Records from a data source
++++++++++

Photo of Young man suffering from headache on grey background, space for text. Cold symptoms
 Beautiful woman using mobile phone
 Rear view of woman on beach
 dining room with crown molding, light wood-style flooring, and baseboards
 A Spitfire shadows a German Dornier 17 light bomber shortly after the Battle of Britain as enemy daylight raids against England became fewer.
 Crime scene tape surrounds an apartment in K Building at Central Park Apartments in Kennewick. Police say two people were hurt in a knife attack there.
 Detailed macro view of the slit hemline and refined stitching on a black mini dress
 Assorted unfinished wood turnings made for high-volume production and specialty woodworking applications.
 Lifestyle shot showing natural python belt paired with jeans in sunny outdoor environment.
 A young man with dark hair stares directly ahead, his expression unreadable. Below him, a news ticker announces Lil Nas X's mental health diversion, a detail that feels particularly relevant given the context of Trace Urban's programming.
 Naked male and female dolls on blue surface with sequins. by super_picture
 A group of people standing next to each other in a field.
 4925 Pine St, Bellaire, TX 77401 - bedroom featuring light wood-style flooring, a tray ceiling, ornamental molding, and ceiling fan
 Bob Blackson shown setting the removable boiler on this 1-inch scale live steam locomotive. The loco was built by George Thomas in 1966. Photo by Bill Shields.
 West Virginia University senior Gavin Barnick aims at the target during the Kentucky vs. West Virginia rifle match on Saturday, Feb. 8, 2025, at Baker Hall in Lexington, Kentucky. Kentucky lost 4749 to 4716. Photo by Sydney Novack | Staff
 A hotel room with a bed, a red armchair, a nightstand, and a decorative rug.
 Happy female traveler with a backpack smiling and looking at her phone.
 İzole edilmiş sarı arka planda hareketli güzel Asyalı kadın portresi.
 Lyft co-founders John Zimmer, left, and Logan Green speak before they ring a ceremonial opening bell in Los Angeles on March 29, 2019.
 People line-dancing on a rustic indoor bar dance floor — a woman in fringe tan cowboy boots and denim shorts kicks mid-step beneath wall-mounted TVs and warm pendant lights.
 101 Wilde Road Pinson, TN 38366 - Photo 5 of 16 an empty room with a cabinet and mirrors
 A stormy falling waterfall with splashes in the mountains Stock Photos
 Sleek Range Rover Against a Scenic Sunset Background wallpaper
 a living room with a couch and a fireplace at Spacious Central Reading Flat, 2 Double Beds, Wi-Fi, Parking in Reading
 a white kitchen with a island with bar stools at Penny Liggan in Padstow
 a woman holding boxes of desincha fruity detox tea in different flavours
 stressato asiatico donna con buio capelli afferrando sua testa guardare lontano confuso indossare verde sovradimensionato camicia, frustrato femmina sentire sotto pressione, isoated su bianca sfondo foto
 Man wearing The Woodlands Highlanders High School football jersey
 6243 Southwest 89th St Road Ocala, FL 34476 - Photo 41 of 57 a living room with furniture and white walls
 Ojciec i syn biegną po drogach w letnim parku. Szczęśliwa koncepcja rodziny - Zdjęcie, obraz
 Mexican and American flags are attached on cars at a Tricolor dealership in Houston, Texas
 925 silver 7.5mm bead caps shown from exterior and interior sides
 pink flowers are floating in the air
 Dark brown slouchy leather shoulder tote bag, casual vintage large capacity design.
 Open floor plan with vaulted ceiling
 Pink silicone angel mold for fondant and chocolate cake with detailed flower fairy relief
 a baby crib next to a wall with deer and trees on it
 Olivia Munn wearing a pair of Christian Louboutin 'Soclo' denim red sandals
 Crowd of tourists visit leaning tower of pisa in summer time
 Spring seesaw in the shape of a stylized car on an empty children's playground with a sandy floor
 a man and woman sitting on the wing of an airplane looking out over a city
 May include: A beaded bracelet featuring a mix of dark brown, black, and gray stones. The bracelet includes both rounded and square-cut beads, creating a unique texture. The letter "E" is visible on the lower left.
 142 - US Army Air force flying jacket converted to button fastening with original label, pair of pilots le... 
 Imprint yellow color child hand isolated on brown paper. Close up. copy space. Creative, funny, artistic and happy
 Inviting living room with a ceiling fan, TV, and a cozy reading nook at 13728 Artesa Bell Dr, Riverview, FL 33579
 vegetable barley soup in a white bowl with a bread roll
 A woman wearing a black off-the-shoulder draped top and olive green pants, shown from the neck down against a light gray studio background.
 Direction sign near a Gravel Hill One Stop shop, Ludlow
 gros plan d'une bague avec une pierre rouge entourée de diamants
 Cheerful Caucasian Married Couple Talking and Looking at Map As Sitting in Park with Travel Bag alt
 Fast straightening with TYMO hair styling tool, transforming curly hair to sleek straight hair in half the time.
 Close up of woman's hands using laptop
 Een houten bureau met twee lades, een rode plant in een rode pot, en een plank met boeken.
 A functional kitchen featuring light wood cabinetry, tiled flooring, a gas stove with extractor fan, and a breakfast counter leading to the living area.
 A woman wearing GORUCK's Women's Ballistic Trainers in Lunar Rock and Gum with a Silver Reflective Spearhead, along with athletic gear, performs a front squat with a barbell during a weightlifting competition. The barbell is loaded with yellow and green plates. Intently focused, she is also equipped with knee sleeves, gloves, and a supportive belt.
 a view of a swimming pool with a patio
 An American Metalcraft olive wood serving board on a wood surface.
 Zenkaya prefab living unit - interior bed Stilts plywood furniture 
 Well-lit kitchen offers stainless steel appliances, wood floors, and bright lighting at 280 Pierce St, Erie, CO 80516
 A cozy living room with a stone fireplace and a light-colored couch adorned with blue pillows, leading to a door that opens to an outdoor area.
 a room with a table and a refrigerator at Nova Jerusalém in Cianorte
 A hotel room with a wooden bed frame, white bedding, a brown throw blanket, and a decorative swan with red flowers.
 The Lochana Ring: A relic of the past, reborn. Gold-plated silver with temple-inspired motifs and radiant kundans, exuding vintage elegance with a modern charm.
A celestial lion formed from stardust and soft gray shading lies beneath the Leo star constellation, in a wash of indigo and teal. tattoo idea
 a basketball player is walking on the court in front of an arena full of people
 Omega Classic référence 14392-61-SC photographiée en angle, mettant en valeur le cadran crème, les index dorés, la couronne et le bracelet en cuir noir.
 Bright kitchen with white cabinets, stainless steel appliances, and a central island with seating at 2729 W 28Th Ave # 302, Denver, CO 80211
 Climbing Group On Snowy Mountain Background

++++++++++

Word for word, write out the data.

§ ANSWER FOR THIS EXERCISE:
Photo of Young man suffering from headache on grey background, space for text. Cold symptoms
 Beautiful woman using mobile phone
 Rear view of woman on beach
 dining room with crown molding, light wood-style flooring, and baseboards
 A Spitfire shadows a German Dornier 17 light bomber shortly after the Battle of Britain as enemy daylight raids against England became fewer.
 Crime scene tape surrounds an apartment in K Building at Central Park Apartments in Kennewick. Police say two people were hurt in a knife attack there.
 Detailed macro view of the slit hemline and refined stitching on a black mini dress
 Assorted unfinished wood turnings made for high-volume production and specialty woodworking applications.
 Lifestyle shot showing natural python belt paired with jeans in sunny outdoor environment.
 A young man with dark hair stares directly ahead, his expression unreadable. Below him, a news ticker announces Lil Nas X's mental health diversion, a detail that feels particularly relevant given the context of Trace Urban's programming.
 Naked male and female dolls on blue surface with sequins. by super_picture
 A group of people standing next to each other in a field.
 4925 Pine St, Bellaire, TX 77401 - bedroom featuring light wood-style flooring, a tray ceiling, ornamental molding, and ceiling fan
 Bob Blackson shown setting the removable boiler on this 1-inch scale live steam locomotive. The loco was built by George Thomas in 1966. Photo by Bill Shields.
 West Virginia University senior Gavin Barnick aims at the target during the Kentucky vs. West Virginia rifle match on Saturday, Feb. 8, 2025, at Baker Hall in Lexington, Kentucky. Kentucky lost 4749 to 4716. Photo by Sydney Novack | Staff
 A hotel room with a bed, a red armchair, a nightstand, and a decorative rug.
 Happy female traveler with a backpack smiling and looking at her phone.
 İzole edilmiş sarı arka planda hareketli güzel Asyalı kadın portresi.
 Lyft co-founders John Zimmer, left, and Logan Green speak before they ring a ceremonial opening bell in Los Angeles on March 29, 2019.
 People line-dancing on a rustic indoor bar dance floor — a woman in fringe tan cowboy boots and denim shorts kicks mid-step beneath wall-mounted TVs and warm pendant lights.
 101 Wilde Road Pinson, TN 38366 - Photo 5 of 16 an empty room with a cabinet and mirrors
 A stormy falling waterfall with splashes in the mountains Stock Photos
 Sleek Range Rover Against a Scenic Sunset Background wallpaper
 a living room with a couch and a fireplace at Spacious Central Reading Flat, 2 Double Beds, Wi-Fi, Parking in Reading
 a white kitchen with a island with bar stools at Penny Liggan in Padstow
 a woman holding boxes of desincha fruity detox tea in different flavours
 stressato asiatico donna con buio capelli afferrando sua testa guardare lontano confuso indossare verde sovradimensionato camicia, frustrato femmina sentire sotto pressione, isoated su bianca sfondo foto
 Man wearing The Woodlands Highlanders High School football jersey
 6243 Southwest 89th St Road Ocala, FL 34476 - Photo 41 of 57 a living room with furniture and white walls
 Ojciec i syn biegną po drogach w letnim parku. Szczęśliwa koncepcja rodziny - Zdjęcie, obraz
 Mexican and American flags are attached on cars at a Tricolor dealership in Houston, Texas
 925 silver 7.5mm bead caps shown from exterior and interior sides
 pink flowers are floating in the air
 Dark brown slouchy leather shoulder tote bag, casual vintage large capacity design.
 Open floor plan with vaulted ceiling
 Pink silicone angel mold for fondant and chocolate cake with detailed flower fairy relief
 a baby crib next to a wall with deer and trees on it
 Olivia Munn wearing a pair of Christian Louboutin 'Soclo' denim red sandals
 Crowd of tourists visit leaning tower of pisa in summer time
 Spring seesaw in the shape of a stylized car on an empty children's playground with a sandy floor
 a man and woman sitting on the wing of an airplane looking out over a city
 May include: A beaded bracelet featuring a mix of dark brown, black, and gray stones. The bracelet includes both rounded and square-cut beads, creating a unique texture. The letter "E" is visible on the lower left.
 142 - US Army Air force flying jacket converted to button fastening with original label, pair of pilots le... 
 Imprint yellow color child hand isolated on brown paper. Close up. copy space. Creative, funny, artistic and happy
 Inviting living room with a ceiling fan, TV, and a cozy reading nook at 13728 Artesa Bell Dr, Riverview, FL 33579
 vegetable barley soup in a white bowl with a bread roll
 A woman wearing a black off-the-shoulder draped top and olive green pants, shown from the neck down against a light gray studio background.
 Direction sign near a Gravel Hill One Stop shop, Ludlow
 gros plan d'une bague avec une pierre rouge entourée de diamants
 Cheerful Caucasian Married Couple Talking and Looking at Map As Sitting in Park with Travel Bag alt
 Fast straightening with TYMO hair styling tool, transforming curly hair to sleek straight hair in half the time.
 Close up of woman's hands using laptop
 Een houten bureau met twee lades, een rode plant in een rode pot, en een plank met boeken.
 A functional kitchen featuring light wood cabinetry, tiled flooring, a gas stove with extractor fan, and a breakfast counter leading to the living area.
 A woman wearing GORUCK's Women's Ballistic Trainers in Lunar Rock and Gum with a Silver Reflective Spearhead, along with athletic gear, performs a front squat with a barbell during a weightlifting competition. The barbell is loaded with yellow and green plates. Intently focused, she is also equipped with knee sleeves, gloves, and a supportive belt.
 a view of a swimming pool with a patio
 An American Metalcraft olive wood serving board on a wood surface.
 Zenkaya prefab living unit - interior bed Stilts plywood furniture 
 Well-lit kitchen offers stainless steel appliances, wood floors, and bright lighting at 280 Pierce St, Erie, CO 80516
 A cozy living room with a stone fireplace and a light-colored couch adorned with blue pillows, leading to a door that opens to an outdoor area.
 a room with a table and a refrigerator at Nova Jerusalém in Cianorte
 A hotel room with a wooden bed frame, white bedding, a brown throw blanket, and a decorative swan with red flowers.
 The Lochana Ring: A relic of the past, reborn. Gold-plated silver with temple-inspired motifs and radiant kundans, exuding vintage elegance with a modern charm.
A celestial lion formed from stardust and soft gray shading lies beneath the Leo star constellation, in a wash of indigo and teal. tattoo idea
 a basketball player is walking on the court in front of an arena full of people
 Omega Classic référence 14392-61-SC photographiée en angle, mettant en valeur le cadran crème, les index dorés, la couronne et le bracelet en cuir noir.
 Bright kitchen with white cabinets, stainless steel appliances, and a central island with seating at 2729 W 28Th Ave # 302, Denver, CO 80211
 Climbing Group On Snowy Mountain Background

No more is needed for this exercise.